Hume proceeds to tell us, that it was asserted this session, that the speaker might either admit or reject bills in the house; and remarks, that the very proposal of it is a proof at what a low ebb liberty was at that time in England. There cannot be a more complete mistake. No such assertion was made; but a member suggested that the speaker might, as the consuls in the Roman senate used, appoint the order in which bills should be read; at which speech, it is added, some hissed. D'Ewes, 677. The present regularity of parliamentary forms, so justly valued by the house, was yet unknown; and the members called confusedly for the business they wished to have brought forward.

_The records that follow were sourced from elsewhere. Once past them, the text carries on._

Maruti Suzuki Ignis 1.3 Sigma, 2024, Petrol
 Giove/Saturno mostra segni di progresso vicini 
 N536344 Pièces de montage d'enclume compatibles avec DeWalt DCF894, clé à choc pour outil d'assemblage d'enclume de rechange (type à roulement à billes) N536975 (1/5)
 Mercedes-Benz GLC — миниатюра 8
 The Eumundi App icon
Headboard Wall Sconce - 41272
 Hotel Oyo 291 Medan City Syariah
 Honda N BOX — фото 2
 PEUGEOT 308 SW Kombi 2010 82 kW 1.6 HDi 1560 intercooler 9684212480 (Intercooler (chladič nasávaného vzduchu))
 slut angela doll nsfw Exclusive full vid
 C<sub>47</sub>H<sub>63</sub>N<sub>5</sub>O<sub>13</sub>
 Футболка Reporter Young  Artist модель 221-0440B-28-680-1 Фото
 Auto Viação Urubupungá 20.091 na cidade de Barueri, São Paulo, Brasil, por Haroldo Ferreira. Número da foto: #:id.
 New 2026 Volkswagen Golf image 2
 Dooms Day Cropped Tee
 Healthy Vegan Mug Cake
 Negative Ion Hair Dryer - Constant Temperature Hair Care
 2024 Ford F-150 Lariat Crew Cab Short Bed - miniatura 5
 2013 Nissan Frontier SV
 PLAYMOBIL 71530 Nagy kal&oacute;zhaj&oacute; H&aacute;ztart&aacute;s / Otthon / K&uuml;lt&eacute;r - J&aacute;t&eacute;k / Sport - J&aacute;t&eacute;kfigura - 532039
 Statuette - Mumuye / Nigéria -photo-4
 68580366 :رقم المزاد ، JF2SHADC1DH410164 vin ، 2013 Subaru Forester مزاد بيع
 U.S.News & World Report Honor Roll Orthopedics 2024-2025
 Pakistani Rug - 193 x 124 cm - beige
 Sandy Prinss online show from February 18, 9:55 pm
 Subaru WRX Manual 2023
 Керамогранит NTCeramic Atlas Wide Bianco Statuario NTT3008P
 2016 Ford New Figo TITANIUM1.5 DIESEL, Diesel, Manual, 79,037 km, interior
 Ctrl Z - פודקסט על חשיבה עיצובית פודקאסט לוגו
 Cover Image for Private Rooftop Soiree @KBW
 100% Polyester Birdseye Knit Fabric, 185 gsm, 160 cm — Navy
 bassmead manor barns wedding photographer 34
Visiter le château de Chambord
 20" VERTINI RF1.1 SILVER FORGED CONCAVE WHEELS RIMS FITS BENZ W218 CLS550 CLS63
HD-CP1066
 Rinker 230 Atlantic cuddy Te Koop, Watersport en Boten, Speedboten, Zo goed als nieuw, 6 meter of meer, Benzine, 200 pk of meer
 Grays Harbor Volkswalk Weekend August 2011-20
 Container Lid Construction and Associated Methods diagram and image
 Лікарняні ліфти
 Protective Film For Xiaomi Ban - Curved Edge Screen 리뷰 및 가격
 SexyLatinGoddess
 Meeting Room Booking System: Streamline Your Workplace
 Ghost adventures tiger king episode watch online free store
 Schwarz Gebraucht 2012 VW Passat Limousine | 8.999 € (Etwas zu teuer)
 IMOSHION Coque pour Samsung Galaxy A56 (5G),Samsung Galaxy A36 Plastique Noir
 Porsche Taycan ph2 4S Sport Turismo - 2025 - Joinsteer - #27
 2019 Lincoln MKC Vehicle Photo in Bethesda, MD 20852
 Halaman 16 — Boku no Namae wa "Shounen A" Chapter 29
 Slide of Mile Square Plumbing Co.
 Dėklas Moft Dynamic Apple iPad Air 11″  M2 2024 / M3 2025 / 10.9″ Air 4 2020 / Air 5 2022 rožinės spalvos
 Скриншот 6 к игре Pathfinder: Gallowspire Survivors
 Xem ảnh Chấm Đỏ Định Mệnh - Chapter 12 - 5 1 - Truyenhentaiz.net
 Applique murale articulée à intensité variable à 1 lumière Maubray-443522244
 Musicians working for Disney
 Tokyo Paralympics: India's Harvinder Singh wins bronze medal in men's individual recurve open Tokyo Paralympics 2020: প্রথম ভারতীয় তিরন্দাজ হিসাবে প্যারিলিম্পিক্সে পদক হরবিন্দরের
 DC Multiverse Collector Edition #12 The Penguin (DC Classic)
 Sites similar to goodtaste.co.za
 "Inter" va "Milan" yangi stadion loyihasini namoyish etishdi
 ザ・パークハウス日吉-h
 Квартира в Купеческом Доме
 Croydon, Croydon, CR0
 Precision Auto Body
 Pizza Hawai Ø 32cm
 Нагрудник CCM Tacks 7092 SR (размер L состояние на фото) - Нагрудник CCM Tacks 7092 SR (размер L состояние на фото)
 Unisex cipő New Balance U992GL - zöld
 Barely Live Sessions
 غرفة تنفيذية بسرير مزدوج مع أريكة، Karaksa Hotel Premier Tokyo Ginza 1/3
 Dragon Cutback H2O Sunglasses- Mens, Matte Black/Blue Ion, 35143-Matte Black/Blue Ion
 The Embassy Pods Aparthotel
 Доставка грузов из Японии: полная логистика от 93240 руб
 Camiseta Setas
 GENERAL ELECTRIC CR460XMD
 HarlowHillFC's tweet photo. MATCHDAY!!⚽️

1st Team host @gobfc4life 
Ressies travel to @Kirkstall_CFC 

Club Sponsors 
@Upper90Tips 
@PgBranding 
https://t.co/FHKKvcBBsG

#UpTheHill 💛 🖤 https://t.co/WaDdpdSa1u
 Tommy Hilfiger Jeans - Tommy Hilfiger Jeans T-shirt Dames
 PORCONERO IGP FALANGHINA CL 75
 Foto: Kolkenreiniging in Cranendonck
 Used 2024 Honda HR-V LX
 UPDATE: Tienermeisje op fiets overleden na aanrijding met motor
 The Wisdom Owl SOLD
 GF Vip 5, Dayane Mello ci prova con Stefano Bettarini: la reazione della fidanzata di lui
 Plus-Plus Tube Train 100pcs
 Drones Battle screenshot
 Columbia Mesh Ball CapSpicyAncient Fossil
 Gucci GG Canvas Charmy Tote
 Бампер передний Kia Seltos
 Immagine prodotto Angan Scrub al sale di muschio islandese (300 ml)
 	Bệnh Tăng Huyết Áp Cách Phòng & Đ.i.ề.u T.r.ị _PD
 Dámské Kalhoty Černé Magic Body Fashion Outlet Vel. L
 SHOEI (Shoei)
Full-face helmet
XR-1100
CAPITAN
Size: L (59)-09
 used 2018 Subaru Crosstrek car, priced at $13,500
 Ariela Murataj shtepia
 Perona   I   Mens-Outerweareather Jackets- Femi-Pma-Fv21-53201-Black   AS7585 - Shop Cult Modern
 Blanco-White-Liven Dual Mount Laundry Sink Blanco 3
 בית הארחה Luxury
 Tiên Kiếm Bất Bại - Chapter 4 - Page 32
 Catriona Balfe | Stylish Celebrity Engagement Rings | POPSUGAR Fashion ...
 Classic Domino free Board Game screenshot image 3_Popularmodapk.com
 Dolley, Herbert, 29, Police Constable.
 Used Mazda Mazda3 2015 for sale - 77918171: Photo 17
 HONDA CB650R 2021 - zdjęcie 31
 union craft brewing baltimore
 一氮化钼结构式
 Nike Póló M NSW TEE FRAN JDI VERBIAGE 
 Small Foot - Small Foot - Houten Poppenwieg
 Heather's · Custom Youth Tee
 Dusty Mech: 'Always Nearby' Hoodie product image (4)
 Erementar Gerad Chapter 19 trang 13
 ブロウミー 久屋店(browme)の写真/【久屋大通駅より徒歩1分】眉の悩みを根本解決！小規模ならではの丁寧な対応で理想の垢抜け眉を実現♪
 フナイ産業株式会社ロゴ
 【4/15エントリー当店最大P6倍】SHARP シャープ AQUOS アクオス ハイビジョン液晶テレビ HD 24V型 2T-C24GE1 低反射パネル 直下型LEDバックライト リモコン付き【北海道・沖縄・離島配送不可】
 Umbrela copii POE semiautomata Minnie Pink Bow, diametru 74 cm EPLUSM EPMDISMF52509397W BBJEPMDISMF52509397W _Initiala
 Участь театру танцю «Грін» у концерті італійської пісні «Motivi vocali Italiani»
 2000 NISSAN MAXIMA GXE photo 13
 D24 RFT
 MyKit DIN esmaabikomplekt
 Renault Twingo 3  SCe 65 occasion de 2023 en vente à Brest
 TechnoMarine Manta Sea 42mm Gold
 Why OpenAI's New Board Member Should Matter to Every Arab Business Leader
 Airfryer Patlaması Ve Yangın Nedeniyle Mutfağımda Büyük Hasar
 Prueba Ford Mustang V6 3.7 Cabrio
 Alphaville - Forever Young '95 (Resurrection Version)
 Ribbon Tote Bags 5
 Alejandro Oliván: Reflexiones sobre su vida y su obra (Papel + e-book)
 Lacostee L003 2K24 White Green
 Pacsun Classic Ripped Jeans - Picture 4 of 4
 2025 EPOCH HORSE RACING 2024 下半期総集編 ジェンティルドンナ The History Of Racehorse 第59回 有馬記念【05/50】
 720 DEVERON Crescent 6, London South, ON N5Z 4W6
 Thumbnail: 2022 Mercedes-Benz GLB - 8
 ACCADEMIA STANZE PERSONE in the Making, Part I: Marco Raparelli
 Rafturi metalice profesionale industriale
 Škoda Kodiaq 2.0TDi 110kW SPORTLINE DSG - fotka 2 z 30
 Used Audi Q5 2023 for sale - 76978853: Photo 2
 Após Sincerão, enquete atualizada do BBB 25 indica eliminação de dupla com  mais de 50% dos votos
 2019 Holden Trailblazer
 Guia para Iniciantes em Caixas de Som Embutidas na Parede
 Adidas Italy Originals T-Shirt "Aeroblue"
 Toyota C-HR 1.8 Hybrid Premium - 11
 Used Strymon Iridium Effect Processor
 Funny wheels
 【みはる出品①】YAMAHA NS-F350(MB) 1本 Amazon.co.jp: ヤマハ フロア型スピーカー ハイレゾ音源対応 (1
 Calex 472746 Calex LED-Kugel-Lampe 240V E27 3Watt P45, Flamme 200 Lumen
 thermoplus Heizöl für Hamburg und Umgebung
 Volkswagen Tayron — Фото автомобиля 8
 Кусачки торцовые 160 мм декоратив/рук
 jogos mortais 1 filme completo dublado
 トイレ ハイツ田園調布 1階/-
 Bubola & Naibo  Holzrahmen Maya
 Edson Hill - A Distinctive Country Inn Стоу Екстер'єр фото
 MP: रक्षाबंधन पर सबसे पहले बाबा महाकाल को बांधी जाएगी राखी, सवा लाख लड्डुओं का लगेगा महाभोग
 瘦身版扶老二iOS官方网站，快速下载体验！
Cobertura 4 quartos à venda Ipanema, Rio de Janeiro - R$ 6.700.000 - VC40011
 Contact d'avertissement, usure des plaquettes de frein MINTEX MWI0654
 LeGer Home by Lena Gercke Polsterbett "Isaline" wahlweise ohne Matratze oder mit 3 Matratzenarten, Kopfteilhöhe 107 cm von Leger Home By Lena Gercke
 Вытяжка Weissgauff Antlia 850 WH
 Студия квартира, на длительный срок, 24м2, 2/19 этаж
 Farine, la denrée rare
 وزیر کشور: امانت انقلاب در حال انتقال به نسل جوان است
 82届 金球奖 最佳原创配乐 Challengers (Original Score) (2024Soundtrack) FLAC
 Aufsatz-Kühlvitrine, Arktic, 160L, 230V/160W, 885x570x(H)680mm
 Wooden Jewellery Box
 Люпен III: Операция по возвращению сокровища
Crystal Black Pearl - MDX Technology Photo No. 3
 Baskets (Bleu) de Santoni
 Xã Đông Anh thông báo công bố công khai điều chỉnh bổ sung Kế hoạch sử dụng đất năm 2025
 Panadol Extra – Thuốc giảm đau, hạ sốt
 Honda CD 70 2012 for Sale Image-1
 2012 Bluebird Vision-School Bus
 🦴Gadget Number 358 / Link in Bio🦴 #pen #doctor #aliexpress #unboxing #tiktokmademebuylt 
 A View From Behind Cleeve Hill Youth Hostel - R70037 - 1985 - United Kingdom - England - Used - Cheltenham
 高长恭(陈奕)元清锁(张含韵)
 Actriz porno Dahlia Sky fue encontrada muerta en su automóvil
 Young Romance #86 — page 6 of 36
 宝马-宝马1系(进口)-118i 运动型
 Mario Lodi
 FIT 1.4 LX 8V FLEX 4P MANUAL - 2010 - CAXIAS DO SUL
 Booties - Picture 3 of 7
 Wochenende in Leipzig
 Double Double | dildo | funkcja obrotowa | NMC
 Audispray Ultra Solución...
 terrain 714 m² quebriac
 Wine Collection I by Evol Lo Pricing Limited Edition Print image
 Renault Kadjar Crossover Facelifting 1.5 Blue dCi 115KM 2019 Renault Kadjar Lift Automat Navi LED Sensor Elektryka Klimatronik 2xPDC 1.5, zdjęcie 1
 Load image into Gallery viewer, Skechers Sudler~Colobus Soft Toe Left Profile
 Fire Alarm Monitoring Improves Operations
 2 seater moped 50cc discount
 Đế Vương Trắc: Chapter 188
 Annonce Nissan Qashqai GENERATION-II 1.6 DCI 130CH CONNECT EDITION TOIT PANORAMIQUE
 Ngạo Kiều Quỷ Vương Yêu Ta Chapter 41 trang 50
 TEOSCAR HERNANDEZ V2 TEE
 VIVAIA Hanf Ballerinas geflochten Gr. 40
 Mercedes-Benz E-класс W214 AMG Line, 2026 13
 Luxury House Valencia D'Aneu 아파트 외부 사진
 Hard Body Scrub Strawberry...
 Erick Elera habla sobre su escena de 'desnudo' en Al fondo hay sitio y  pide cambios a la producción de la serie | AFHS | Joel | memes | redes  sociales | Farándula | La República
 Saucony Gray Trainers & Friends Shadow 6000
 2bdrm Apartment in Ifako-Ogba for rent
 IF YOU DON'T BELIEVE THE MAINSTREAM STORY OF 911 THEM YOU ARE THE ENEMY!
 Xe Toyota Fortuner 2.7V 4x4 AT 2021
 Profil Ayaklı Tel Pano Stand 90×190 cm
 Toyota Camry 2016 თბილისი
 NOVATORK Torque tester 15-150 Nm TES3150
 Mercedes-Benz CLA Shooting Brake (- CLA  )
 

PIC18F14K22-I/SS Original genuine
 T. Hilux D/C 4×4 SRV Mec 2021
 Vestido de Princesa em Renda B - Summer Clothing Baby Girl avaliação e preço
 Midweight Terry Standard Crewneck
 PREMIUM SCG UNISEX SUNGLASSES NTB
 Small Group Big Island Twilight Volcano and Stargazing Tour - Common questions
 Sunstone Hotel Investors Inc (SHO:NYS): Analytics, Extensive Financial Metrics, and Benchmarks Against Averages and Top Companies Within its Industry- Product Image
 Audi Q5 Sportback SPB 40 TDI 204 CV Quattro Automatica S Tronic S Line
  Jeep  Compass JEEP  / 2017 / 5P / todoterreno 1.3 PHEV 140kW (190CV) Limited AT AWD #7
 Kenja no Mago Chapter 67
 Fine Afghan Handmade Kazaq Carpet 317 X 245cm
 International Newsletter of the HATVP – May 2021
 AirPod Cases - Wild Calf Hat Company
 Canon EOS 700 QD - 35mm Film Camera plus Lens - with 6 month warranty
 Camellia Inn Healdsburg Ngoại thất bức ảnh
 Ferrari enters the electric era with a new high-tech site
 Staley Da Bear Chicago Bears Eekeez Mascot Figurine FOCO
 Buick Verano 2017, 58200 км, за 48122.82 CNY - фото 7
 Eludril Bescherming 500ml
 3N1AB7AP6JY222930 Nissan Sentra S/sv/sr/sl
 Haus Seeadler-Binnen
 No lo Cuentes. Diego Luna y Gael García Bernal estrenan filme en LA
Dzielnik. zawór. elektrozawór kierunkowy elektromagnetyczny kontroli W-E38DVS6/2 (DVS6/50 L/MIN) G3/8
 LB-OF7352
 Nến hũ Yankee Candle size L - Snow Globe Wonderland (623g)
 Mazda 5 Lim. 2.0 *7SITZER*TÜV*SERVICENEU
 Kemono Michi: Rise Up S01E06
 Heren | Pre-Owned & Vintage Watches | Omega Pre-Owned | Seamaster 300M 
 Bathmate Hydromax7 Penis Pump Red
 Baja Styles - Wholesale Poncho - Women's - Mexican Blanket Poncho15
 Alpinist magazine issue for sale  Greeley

[434] Parl. Hist. 958. In the session of 1571, a committee was appointed to confer with the attorney and solicitor-general about the return of burgesses from nine places which had not been presented in the last parliament. But in the end it was "ordered, by Mr. Attorney's assent, that the burgesses shall remain according to their returns; for that the validity of the charters of their towns is elsewhere to be examined, if cause be." D'Ewes p. 156, 159.
D'Ewes observes that it was very common in former times, in order to avoid the charge of paying wages to their burgesses, that a borough which had fallen into poverty or decay, either got licence of the sovereign for the time being to be discharged from electing members, or discontinued it of themselves; but that of late the members for the most part bearing their own charges, many of those towns which had thus discontinued their privilege, renewed it both in Elizabeth's reign and that of James. P. 80. This could only have been, it is hardly necessary to say, by obtaining writs out of chancery for that purpose. As to the payment of wages, the words of D'Ewes intimate that it was not entirely disused. In the session of 1586, the borough of Grantham complained that Arthur Hall (whose name now appears for the last time) had sued them for wages due to him as their representative in the preceding parliament; alleging that, as well by reason of his negligent attendance and some other offences by him committed in some of its sessions, as of his promise not to require any such wages, they ought not to be charged; and a committee having been appointed to enquire into this, reported that they had requested Mr. Hall to remit his claim for wages, which he had freely done. D'Ewes, p. 417.